Pictures aside, every line of the listing should be given again exactly.

+++ INPUT DATA

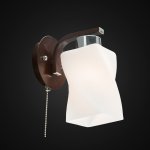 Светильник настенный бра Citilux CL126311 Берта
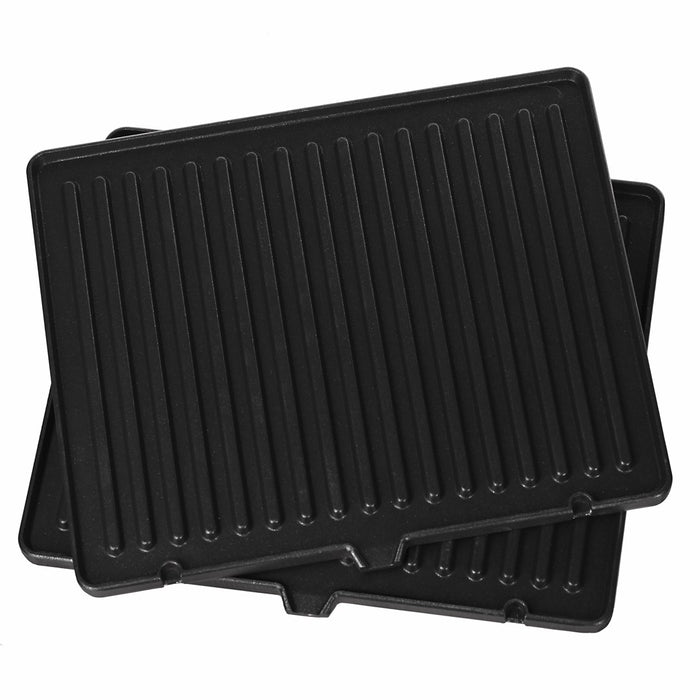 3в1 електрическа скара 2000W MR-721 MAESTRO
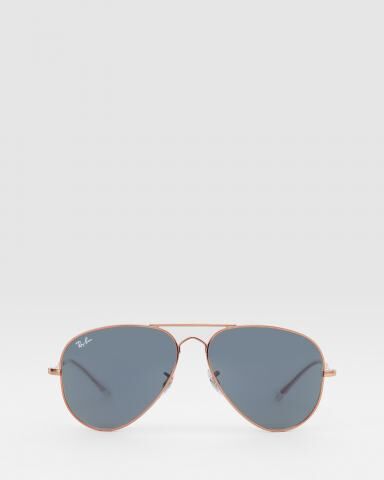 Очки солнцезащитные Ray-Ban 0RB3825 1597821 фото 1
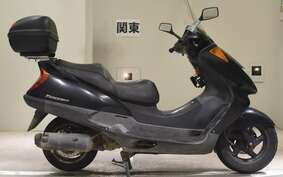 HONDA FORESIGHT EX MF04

++++++

**EXERCISE RESULT**
 Светильник настенный бра Citilux CL126311 Берта
 3в1 електрическа скара 2000W MR-721 MAESTRO
 Очки солнцезащитные Ray-Ban 0RB3825 1597821 фото 1
 HONDA FORESIGHT EX MF04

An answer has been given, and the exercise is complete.